- **Task to complete**: Nothing but the lines from the one containing "Swoon Easy Velvet Left Corner Sofa Orange" through the one containing "Add password protection, Make", both included, should be given again, each exactly as written below.

- **Supplied records**:

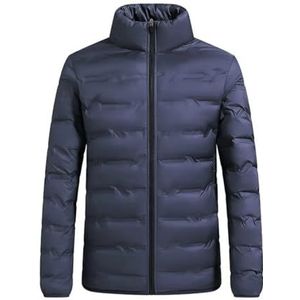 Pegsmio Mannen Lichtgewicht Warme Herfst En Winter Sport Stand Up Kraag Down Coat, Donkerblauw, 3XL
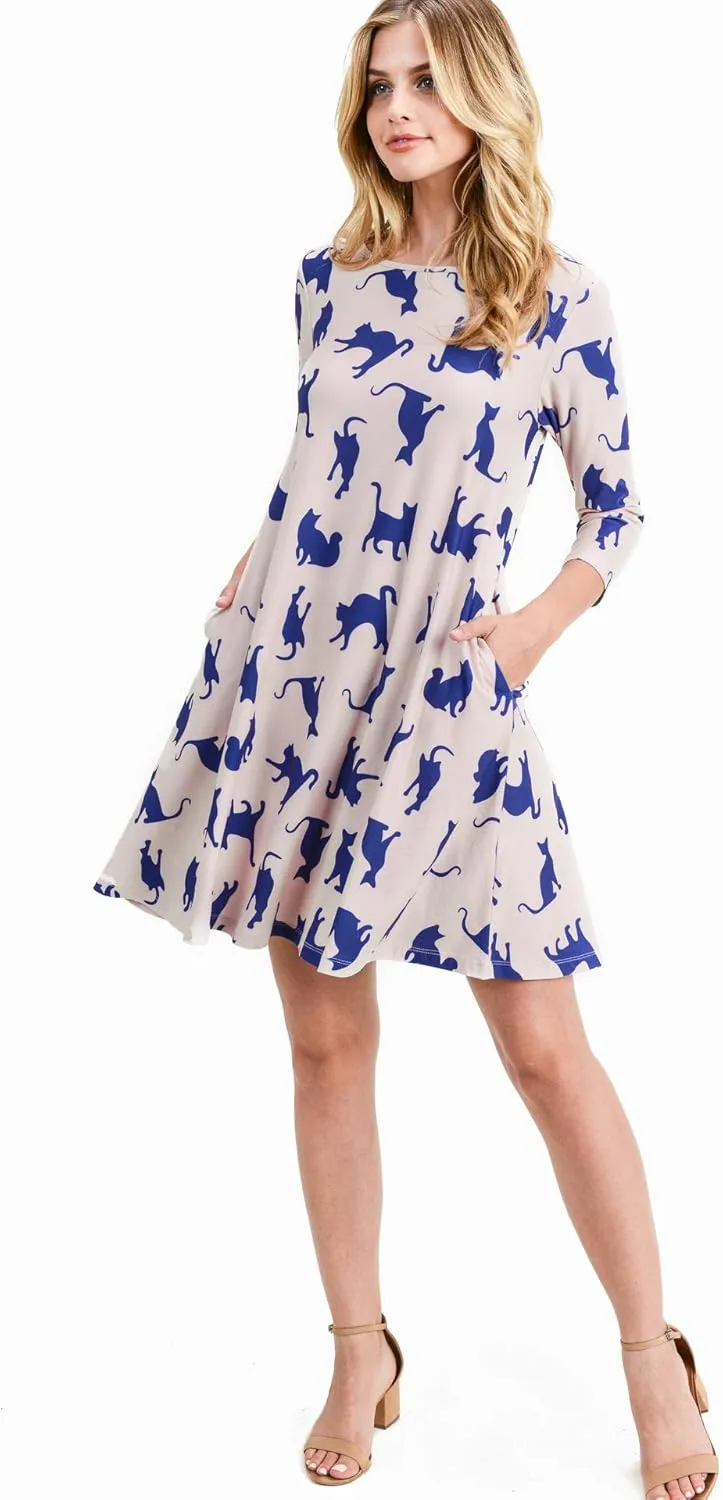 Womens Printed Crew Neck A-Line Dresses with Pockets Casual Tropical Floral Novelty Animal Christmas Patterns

---

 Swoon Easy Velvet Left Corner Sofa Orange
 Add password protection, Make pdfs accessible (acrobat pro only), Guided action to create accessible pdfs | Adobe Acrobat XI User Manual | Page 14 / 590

- **Reply to the exercise**:
 Swoon Easy Velvet Left Corner Sofa Orange
 Add password protection, Make pdfs accessible (acrobat pro only), Guided action to create accessible pdfs | Adobe Acrobat XI User Manual | Page 14 / 590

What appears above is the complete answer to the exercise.